● PROVIDED RECORDS
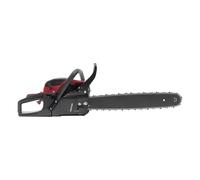 RjcdOPL - Motosierra de gasolina (2 tiempos, 58 CC, 2,4 KW, 10000 rpm, hoja de motosierra 20 "/50 cm, diámetro máximo de corte: 50 cm, rojo y negro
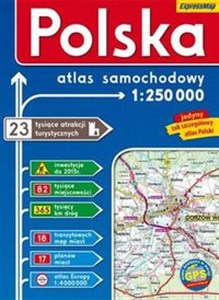 Polska - 1:250 000 atlas samochodowy  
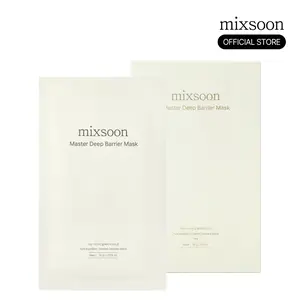 [mixsoon Official Shop] Master Deep Barrier Sheet Mask (5EA) - Korean Skincare Moisturizer, Hydrating Sensitive Skin Mask with Centella Asiatica, Madecassoside, Ceramide NP for Smoother Glass Skin Antioxidant Mask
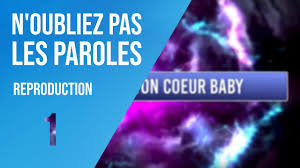Dès ce soir, c8 diffusera en lieu et place du jeu de cyril hanouna le 6 à 7 avec casta, une tranche tenue par. N Oubliez Pas Les Paroles N 01 Youtube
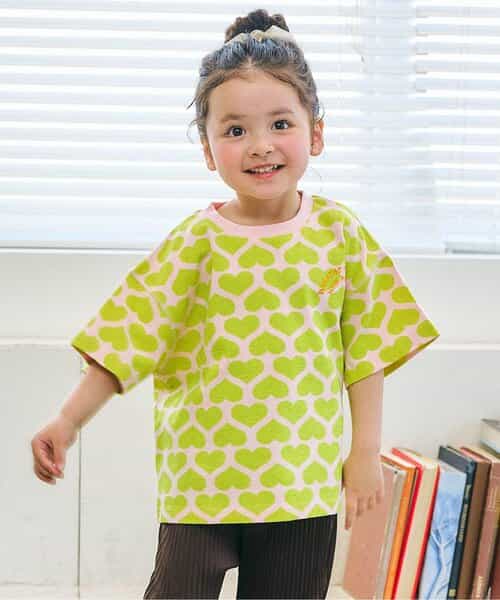 ☆4/28(火)お昼12:59まで3点10％OFF☆アソート総柄配色ステッチTシャツ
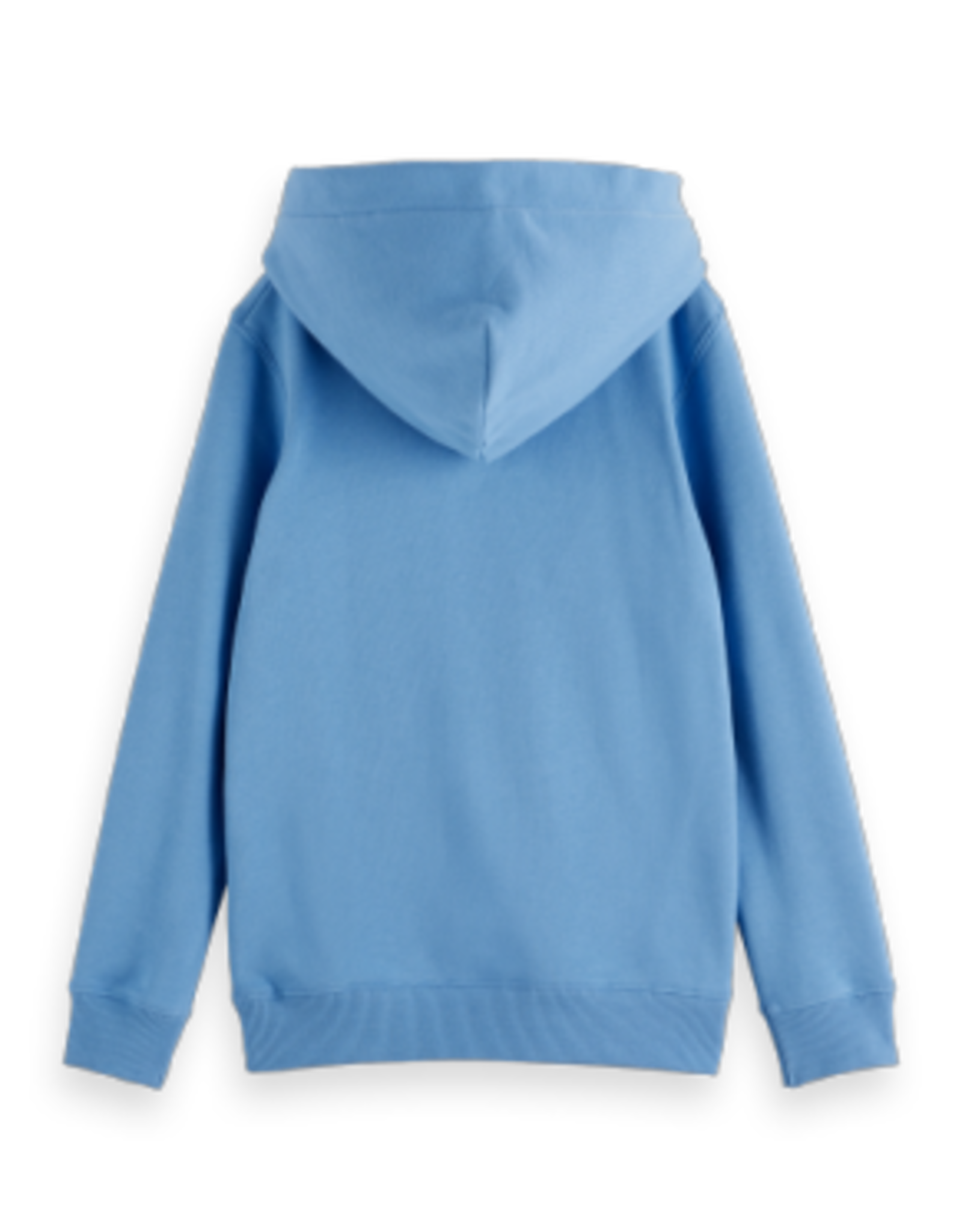 SCOTCH & SODA SCOTCH & SODA Regular-fit logo badge hoodie lake blue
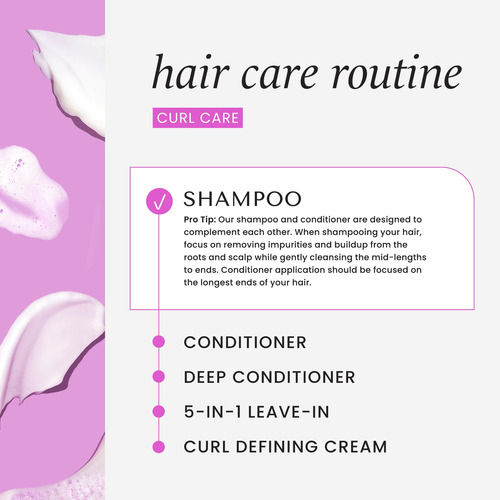 Set De ChampĂș Y Acondicionador Hask Curl Care Con Aceite De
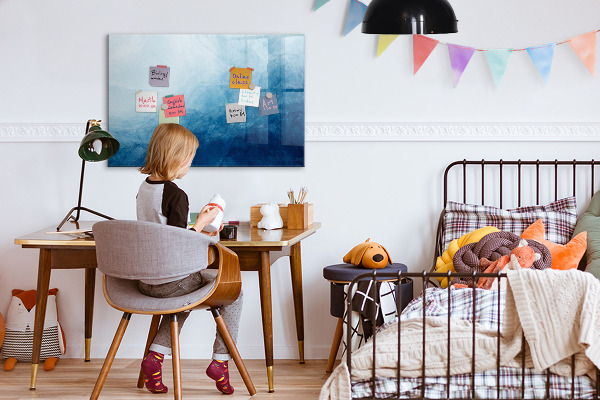 Magnetic dry erase board A space for creative memories and notes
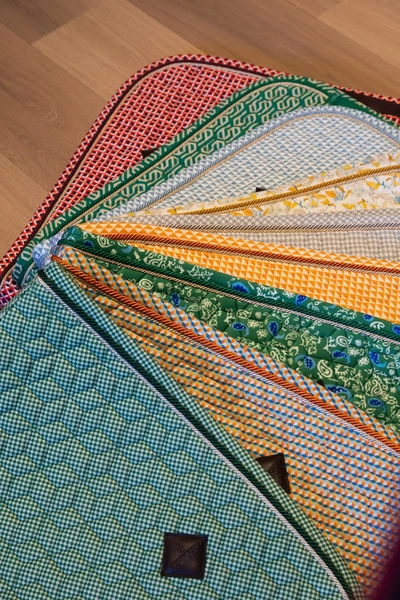 Kentucky czaprak Velvet Printing - brąz/biały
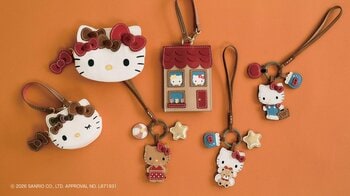 genten×ハローキティ初コラボレーション。ハローキティが大人の革小物に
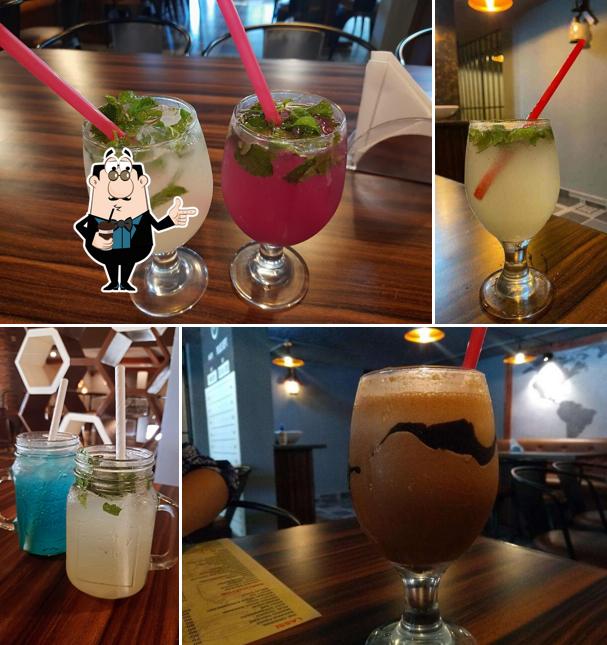 Le Shaay Resto Cafe offers a range of drinks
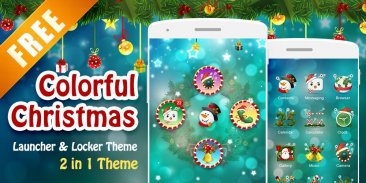 Colorful Xmas 2 in 1 Theme screenshot 5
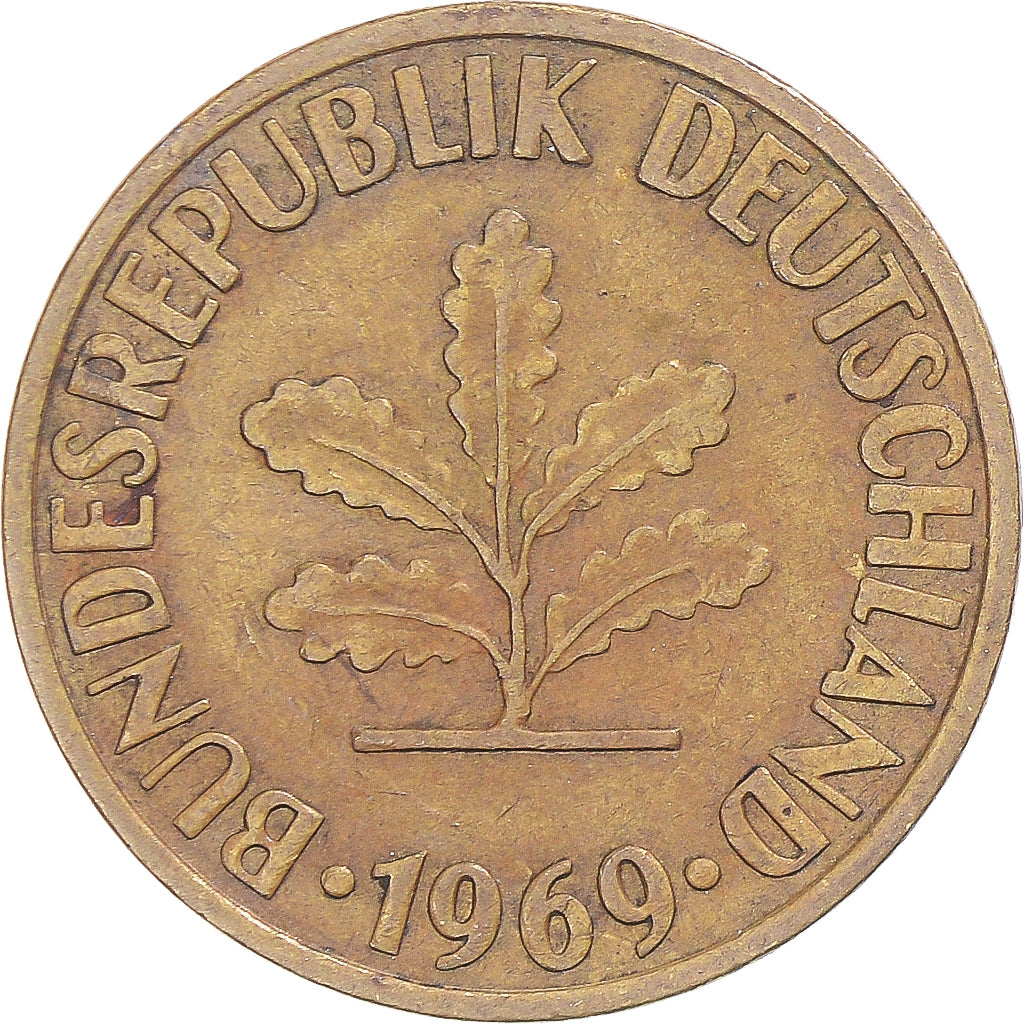 Münze, Deutschland, 10 Pfennig, 1969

● EXERCISE BRIEF
In the answer, the entries should be restated verbatim, with all pictures omitted.

● REPLY
 RjcdOPL - Motosierra de gasolina (2 tiempos, 58 CC, 2,4 KW, 10000 rpm, hoja de motosierra 20 "/50 cm, diámetro máximo de corte: 50 cm, rojo y negro
 Polska - 1:250 000 atlas samochodowy  
 [mixsoon Official Shop] Master Deep Barrier Sheet Mask (5EA) - Korean Skincare Moisturizer, Hydrating Sensitive Skin Mask with Centella Asiatica, Madecassoside, Ceramide NP for Smoother Glass Skin Antioxidant Mask
Dès ce soir, c8 diffusera en lieu et place du jeu de cyril hanouna le 6 à 7 avec casta, une tranche tenue par. N Oubliez Pas Les Paroles N 01 Youtube
 ☆4/28(火)お昼12:59まで3点10％OFF☆アソート総柄配色ステッチTシャツ
 SCOTCH & SODA SCOTCH & SODA Regular-fit logo badge hoodie lake blue
 Set De ChampĂș Y Acondicionador Hask Curl Care Con Aceite De
 Magnetic dry erase board A space for creative memories and notes
 Kentucky czaprak Velvet Printing - brąz/biały
 genten×ハローキティ初コラボレーション。ハローキティが大人の革小物に
 Le Shaay Resto Cafe offers a range of drinks
 Colorful Xmas 2 in 1 Theme screenshot 5
 Münze, Deutschland, 10 Pfennig, 1969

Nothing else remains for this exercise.